=== AIM OF THE TASK ===
After finding the line containing "信州りんごしみしみのパッケー" below, please output that line and each following one through the line containing "Point Mirage - Residential", exactly as written.

Records contained in a dataset

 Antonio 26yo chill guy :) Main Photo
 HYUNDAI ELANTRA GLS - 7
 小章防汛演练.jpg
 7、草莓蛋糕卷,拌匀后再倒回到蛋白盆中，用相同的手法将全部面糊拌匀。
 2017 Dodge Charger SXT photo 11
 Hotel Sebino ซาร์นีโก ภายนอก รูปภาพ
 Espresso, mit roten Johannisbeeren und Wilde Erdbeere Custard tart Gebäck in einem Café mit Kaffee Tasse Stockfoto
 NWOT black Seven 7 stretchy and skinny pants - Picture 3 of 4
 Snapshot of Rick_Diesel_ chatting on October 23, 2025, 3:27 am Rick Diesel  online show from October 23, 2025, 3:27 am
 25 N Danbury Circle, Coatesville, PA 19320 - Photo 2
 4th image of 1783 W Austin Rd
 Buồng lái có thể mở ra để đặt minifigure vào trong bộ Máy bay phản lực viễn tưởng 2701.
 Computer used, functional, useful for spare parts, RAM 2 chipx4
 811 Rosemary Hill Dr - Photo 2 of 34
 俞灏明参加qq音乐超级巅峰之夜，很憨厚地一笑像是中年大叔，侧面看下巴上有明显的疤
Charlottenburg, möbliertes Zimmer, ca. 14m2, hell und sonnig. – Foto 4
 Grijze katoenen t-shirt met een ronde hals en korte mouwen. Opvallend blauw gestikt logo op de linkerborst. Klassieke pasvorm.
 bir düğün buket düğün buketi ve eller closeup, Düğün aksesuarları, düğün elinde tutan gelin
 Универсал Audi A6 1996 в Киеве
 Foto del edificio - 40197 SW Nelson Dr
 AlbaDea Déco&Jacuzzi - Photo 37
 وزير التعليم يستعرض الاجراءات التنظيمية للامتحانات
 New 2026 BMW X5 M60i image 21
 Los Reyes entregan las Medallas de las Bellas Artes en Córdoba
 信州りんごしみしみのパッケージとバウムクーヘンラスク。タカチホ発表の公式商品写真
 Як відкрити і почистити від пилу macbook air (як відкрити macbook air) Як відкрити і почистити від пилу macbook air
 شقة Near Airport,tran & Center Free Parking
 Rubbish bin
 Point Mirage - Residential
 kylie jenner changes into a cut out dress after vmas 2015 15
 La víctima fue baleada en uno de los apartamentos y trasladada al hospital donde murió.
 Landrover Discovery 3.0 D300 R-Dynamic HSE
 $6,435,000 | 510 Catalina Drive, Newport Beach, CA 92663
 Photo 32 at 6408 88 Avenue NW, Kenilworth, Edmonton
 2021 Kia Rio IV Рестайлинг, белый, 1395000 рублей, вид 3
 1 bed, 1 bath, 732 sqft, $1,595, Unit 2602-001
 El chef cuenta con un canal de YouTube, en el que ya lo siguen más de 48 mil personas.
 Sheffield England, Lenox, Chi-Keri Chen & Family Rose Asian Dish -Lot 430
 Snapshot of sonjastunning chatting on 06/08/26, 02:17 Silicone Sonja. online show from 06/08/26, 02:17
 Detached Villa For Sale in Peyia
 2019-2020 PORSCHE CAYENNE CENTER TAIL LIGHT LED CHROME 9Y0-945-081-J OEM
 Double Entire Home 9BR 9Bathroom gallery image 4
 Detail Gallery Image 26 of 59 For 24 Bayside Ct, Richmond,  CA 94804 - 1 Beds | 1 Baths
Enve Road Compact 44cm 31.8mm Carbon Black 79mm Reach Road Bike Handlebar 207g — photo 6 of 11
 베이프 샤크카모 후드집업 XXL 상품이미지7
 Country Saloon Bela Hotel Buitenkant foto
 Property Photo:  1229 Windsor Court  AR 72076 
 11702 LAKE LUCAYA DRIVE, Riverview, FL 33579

=== RESULT OF THE EXERCISE ===
 信州りんごしみしみのパッケージとバウムクーヘンラスク。タカチホ発表の公式商品写真
 Як відкрити і почистити від пилу macbook air (як відкрити macbook air) Як відкрити і почистити від пилу macbook air
 شقة Near Airport,tran & Center Free Parking
 Rubbish bin
 Point Mirage - Residential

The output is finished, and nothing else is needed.